Seit dem Bezug der neuen Friedrichsbau-Spielstätte ist es eine Herausforderung, die riesige Bühne auszufüllen. Wohl deshalb wurde nun ein „Trampolin mit Haus“ verpflichtet. Gleichzeitig ist damit auch für den größten Teil des Bühnenbildes gesorgt. So werden zwei Fliegen mit einer Klappe geschlagen. Allerdings zeigt sich recht schnell, dass die Bühnenmaße für diese Darbietung doch nicht ausreichen. Es fehlt an Höhe. So sind für die beiden Herren und die Dame des „Trio Batut“ nur Sprünge zu den drei Fenstern im Haus möglich. Die spektakulären Sprünge vom Trampolin direkt aufs Hausdach – und zurück – müssen jedoch entfallen. Damit fehlt auch ein wesentlicher Clou dieses Genres; die Reaktionen fallen folglich verhaltener aus als andernorts. So wird auch verständlicher, warum diese Darbietung wider alle Erwartungen nicht Schlussnummer ist. Diese Ehre wird vielmehr Jongleurin Lena Smaha zuteil. Die junge Frau war Teil des Jonglage-Trios Vinicki-Smaha, das in Deutschland durch zahlreiche Circus- und Freizeitpark-Engagements bekannt war. Nach weiteren Verpflichtungen in Skandinavien, den Niederlanden und bei Ringling Bros. and Barnum & Bailey in den USA haben die drei Geschwister Smaha Ende 2013 Solo-Karrieren begonnen. Charmant und routiniert jongliert Lena Smaha mit jeweils bis zu fünf Bällen und Keulen, letzteres auch mit leuchtenden Exemplaren im Dunkeln.

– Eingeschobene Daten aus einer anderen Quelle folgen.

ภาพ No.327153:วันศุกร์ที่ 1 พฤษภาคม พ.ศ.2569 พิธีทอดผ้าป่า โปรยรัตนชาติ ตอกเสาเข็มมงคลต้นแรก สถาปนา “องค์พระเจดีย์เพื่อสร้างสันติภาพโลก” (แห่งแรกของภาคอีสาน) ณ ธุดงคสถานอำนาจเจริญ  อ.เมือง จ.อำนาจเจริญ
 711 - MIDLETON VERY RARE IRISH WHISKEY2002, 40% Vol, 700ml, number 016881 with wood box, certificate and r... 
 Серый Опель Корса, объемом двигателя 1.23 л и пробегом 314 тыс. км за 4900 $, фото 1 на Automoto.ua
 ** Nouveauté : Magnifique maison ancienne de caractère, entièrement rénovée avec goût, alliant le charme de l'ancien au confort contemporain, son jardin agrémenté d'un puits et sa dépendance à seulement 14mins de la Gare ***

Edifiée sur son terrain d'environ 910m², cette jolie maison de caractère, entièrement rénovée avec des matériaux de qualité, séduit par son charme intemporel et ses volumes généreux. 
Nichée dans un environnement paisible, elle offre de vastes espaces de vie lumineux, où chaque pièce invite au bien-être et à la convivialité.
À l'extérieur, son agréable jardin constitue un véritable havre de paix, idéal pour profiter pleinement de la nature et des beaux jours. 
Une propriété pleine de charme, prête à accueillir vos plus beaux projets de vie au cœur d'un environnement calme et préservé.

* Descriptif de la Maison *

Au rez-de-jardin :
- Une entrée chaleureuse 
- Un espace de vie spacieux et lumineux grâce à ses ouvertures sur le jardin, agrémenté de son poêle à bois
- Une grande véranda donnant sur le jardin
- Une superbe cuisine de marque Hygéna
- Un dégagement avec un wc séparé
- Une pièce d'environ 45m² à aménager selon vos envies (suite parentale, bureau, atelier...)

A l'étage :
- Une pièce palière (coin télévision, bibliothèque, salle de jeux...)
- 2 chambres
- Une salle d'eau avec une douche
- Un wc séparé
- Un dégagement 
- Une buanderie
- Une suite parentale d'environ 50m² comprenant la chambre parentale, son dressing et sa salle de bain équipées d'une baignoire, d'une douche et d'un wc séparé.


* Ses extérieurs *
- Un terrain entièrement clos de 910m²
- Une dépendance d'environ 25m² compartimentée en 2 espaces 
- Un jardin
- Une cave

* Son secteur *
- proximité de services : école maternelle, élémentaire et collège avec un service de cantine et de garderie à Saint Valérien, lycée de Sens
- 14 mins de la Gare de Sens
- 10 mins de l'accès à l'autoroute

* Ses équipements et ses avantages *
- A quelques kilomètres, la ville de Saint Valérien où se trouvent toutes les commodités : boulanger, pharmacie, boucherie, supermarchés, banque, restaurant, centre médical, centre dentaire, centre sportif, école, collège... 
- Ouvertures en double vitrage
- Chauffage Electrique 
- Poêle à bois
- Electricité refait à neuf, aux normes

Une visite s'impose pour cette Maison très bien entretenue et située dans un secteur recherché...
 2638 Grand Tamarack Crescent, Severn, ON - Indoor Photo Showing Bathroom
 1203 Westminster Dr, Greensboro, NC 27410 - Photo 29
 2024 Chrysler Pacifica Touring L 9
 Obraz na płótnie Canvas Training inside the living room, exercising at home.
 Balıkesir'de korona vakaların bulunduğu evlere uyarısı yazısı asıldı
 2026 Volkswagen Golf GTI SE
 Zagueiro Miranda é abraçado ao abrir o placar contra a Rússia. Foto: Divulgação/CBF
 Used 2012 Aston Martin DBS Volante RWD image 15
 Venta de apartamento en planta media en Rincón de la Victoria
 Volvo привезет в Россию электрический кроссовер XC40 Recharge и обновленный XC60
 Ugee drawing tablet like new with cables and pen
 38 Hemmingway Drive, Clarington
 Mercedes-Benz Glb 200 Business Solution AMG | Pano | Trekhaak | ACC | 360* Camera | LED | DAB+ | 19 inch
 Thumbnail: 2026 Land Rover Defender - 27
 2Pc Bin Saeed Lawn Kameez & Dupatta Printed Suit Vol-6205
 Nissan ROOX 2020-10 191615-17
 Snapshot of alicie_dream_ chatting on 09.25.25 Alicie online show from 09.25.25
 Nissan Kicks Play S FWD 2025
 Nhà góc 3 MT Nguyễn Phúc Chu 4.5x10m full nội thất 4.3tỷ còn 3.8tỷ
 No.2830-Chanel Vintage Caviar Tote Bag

Insgesamt bietet das Friedrichsbau-Varieté an dieser Premiere eine Show, die äußerst ambitioniert erscheint. Man denke nur an die Livemusik sowie die Integration von Magie, Artistik und Burlesque in ein Programm. Oder an das mit 14 Personen außergewöhnlich große Ensemble. Leider jedoch ist ambitioniert in diesem Fall nicht gleichzusetzen mit in jeder Hinsicht gelungen. Vielleicht kann dies im Laufe der Spielzeit noch werden.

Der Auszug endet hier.